Optical 3D measurement technology has the advantages of being noncontact, having high precision and fast speed, and being applicable to static and dynamic measurements; it is widely used in fields such as machine vision, industrial inspection, biometrics, and reverse engineering.¹^–⁴ Binocular vision and structured light are important methods of optical 3D measurement technology.

Binocular stereo vision⁵ uses the matching of corresponding points of scenes captured by two cameras at different angles to obtain the disparity and then converts it into the 3D information of the scene.
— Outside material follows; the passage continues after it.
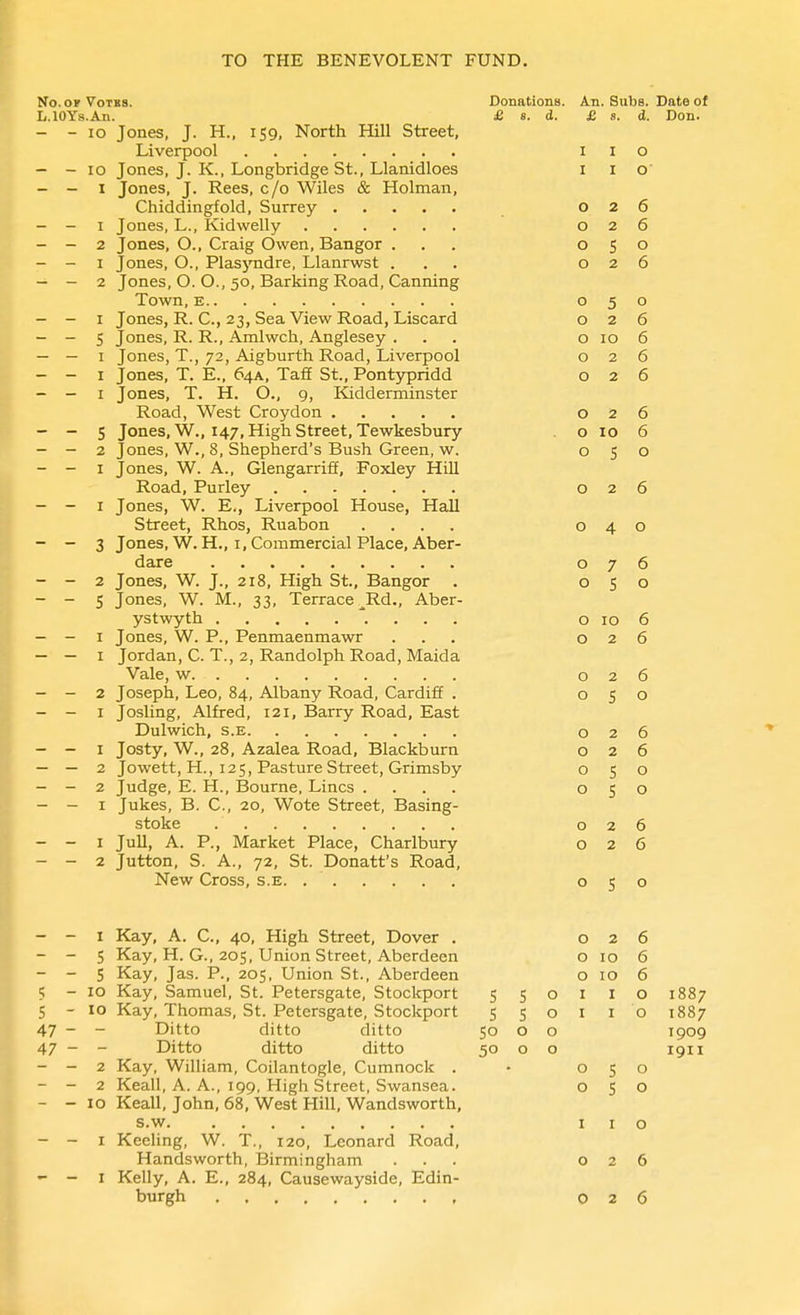 No. OF Votes. Donations. An. Subs. Date of L.lOYs.An. £ s. d. £ s. d. Don. - - lo Jones, J. H., 159, North Hill Street, Liverpool i i o - - 10 Jones, J. K., Longbridge St., Llanidloes i i o - - I Jones, J. Rees, c/o Wiles & Holman, Chiddingfold, Surrey 026 - - I Jones, L., Kidwelly 026 - - 2 Jones, O., Craig Owen, Bangor ... 050 - - I Jones, O., PlasjTidre, Llanrwst ... 026 - - 2 Jones, O. O., 50, Barking Road, Canning Town, E 050 - - I Jones, R. C, 23, Sea View Road, Liscard 026 - - S Jones, R. R., Amlwch, Anglesey ... 0106 - — I Jones, T., 72, Aigburth Road, Liverpool 026 - - I Jones, T. E., 64A, Taff St., Pontypridd 026 - - I Jones, T. H. O., 9, Kdderminster Road, West Croydon 026 - - 5 Jones, W., 147, High Street, Tewkesbury . o 10 6 - - 2 Jones, W., 8, Shepherd's Bush Green, w. 050 - - I Jones, W. A., Glengarriff, Foxley Hill Road, Purley 026 - - I Jones, W. E., Liverpool House, Hall Street, Rhos, Ruabon .... 040 - - 3 Jones, W. H., I, Commercial Place, Aber- dare 076 - - 2 Jones, W. J., 218, High St., Bangor . 050 - - 5 Jones, W. M., 33, Terrace ^Rd., Aber- ystwyth o 10 6 - - I Jones, W. P., Penmaenmawr ... 026 - — I Jordan, C. T., 2, Randolph Road, Maida Vale, w 026 - - 2 Joseph, Leo, 84, Albany Road, Cardiff . 050 - - I Josling, Alfred, 121, Barry Road, East Dulwich, s.E 026 - — I Josty, W., 28, Azalea Road, Blackburn 026 - — 2 Jowett, H., 125, Pasture Street, Grimsby 050 - - 2 Judge, E. H., Bourne, Lines .... 050 - - I Jukes, B. C, 20, Wote Street, Basing- stoke 026 - - I Jull, A. P., Market Place, Charlbury 026 - - 2 Jutton, S. A., 72, St. Donatt's Road, New Cross, s.E 050 - - I Kay. A. C, 40, High Street, Dover . 026 - - S Kay, H. G., 205, Union Street, Aberdeen o 10 6 - - 5 Kay, Jas. P., 205, Union St., Aberdeen o 10 6 5-10 Kay, Samuel, St. Petersgate, Stockport 5 5 o i i o 1887 S - 10 Kay, Thomas, St. Petersgate, Stockport 550110 1887 47 - - Ditto ditto ditto 50 o o 1909 47 - - Ditto ditto ditto 50 o o 1911 - - 2 Kay, William, Coilantogle, Cumnock . • 050 - - 2 Keall, A. A., 199, High Street, Swansea. 050 - - ID Keall, John, 68, West Hill, Wandsworth, s.w IIO - - I KeeUng, W. T., 120, Leonard Road, Handsworth, Birmingham ... 026 - - I Kelly, A. E., 284, Causewayside, Edin- burgh 026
Although the corresponding points must be on the epipolar line, the two images can be matched by defining the similarity of the window and sliding the window to find the corresponding points.⁶ The horizontal pixel difference between the two corresponding points is called the disparity. Binocular matching depends on the texture information and surface features of the corresponding points, which limits the dense and accurate reconstruction of the real 3D scene with less texture.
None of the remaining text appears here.